[Records from a data source]
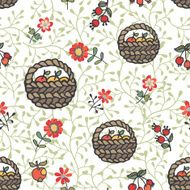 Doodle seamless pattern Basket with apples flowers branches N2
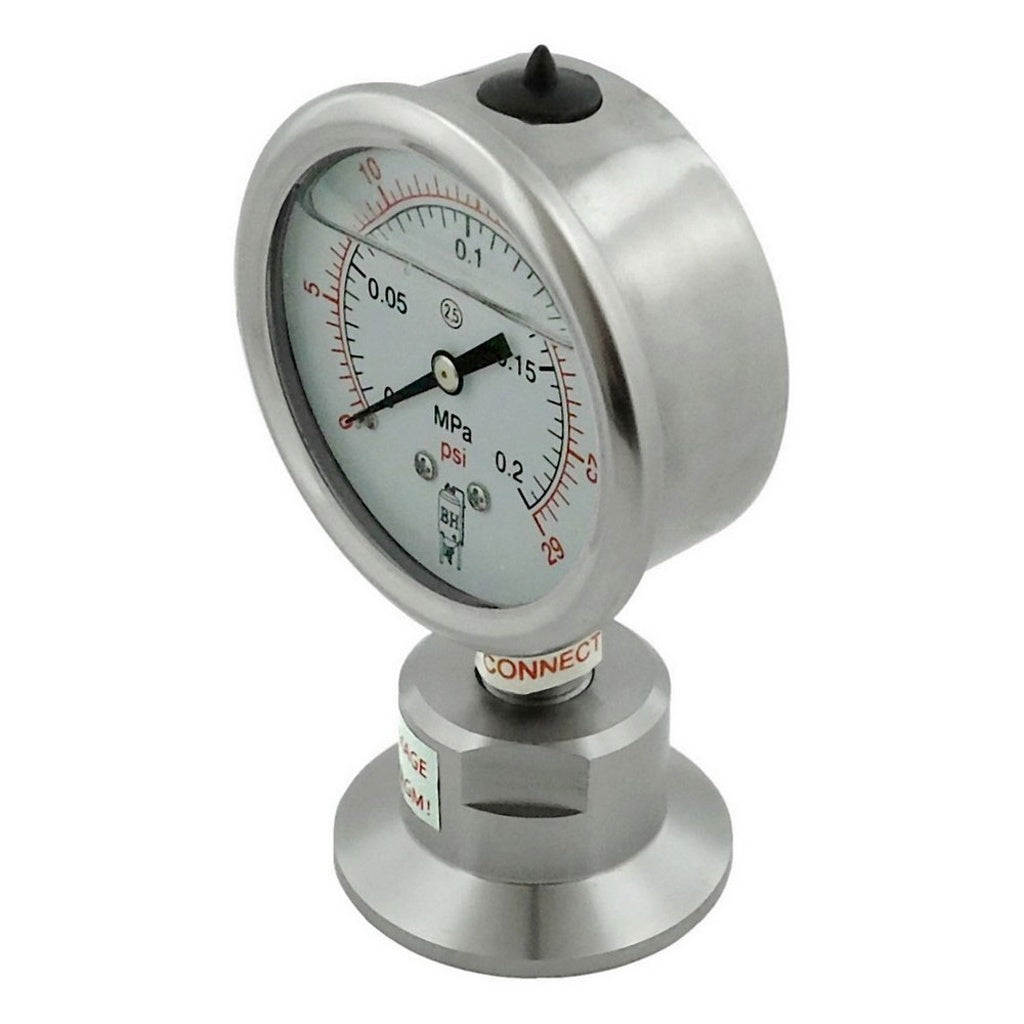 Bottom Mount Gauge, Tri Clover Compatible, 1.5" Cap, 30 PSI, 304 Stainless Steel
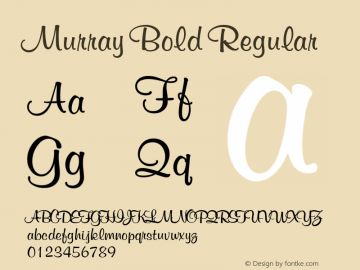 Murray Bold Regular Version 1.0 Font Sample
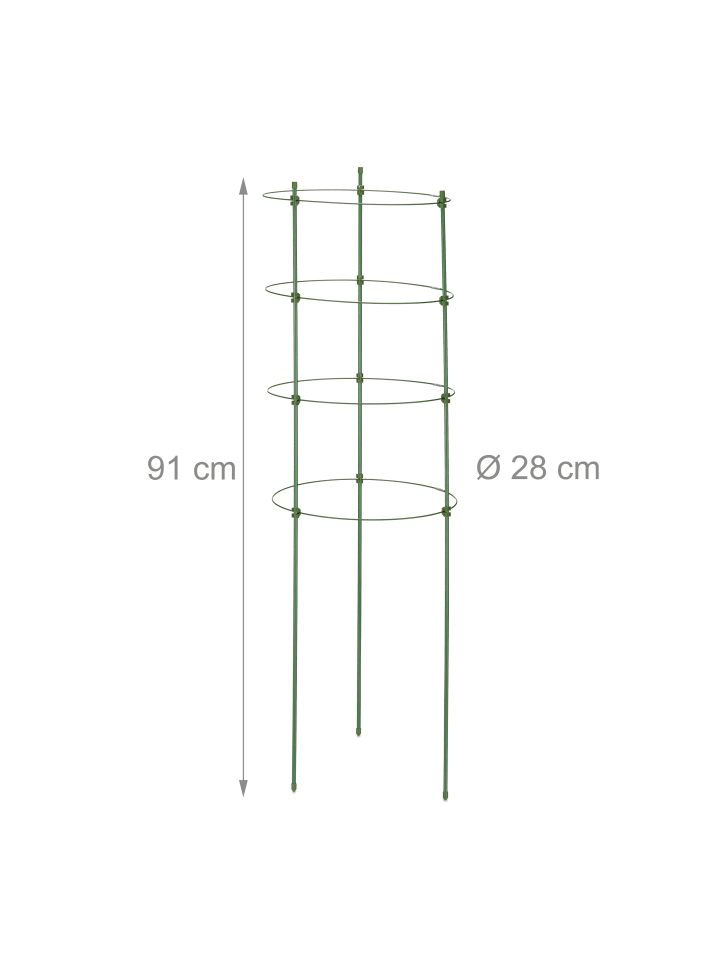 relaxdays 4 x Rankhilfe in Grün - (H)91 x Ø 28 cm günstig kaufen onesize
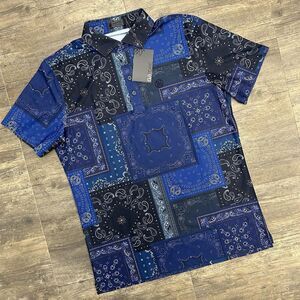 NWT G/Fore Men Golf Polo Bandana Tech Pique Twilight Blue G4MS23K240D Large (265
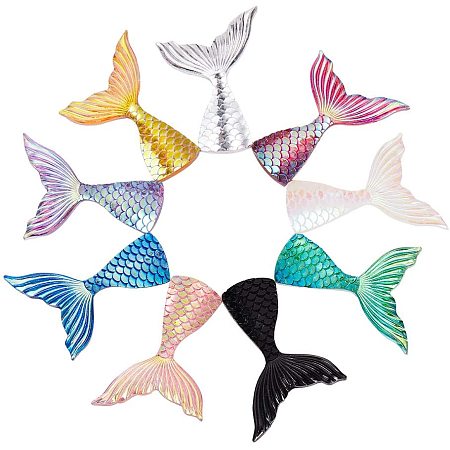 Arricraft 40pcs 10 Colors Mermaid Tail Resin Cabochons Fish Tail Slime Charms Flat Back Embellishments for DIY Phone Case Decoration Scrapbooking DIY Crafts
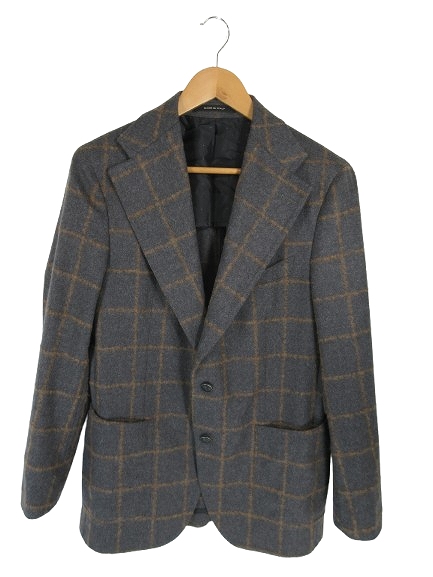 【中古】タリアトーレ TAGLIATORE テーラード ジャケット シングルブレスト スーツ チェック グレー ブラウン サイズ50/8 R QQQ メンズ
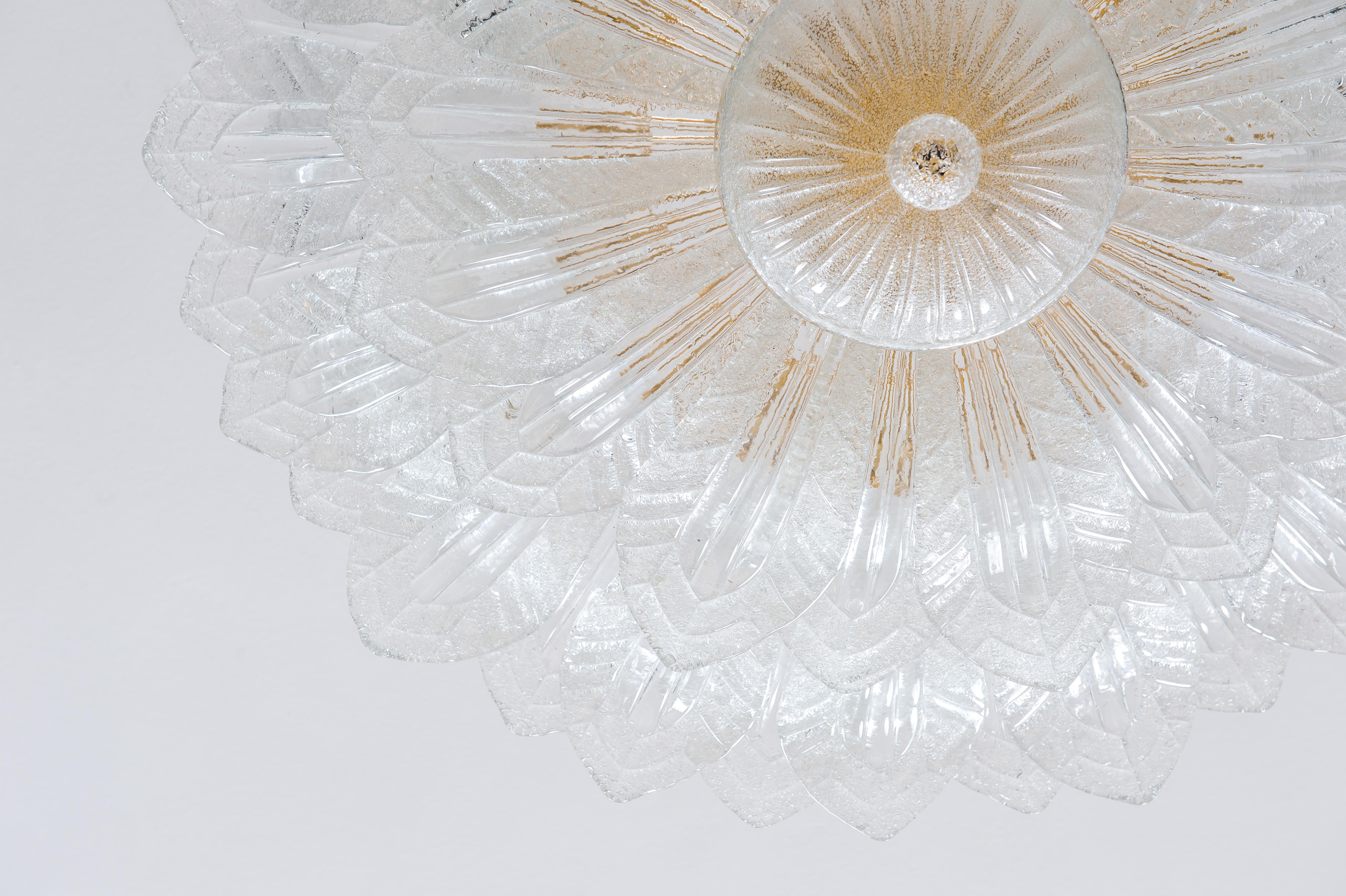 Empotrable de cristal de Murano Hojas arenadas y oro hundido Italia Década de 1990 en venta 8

— BRIEF —
For this task, give again exactly the lines from the line with "サイズ50/8 R QQQ メンズ" through the end of the entries, including both ends, and omit the pictures.

— FINISHED EXERCISE —
 【中古】タリアトーレ TAGLIATORE テーラード ジャケット シングルブレスト スーツ チェック グレー ブラウン サイズ50/8 R QQQ メンズ
 Empotrable de cristal de Murano Hojas arenadas y oro hundido Italia Década de 1990 en venta 8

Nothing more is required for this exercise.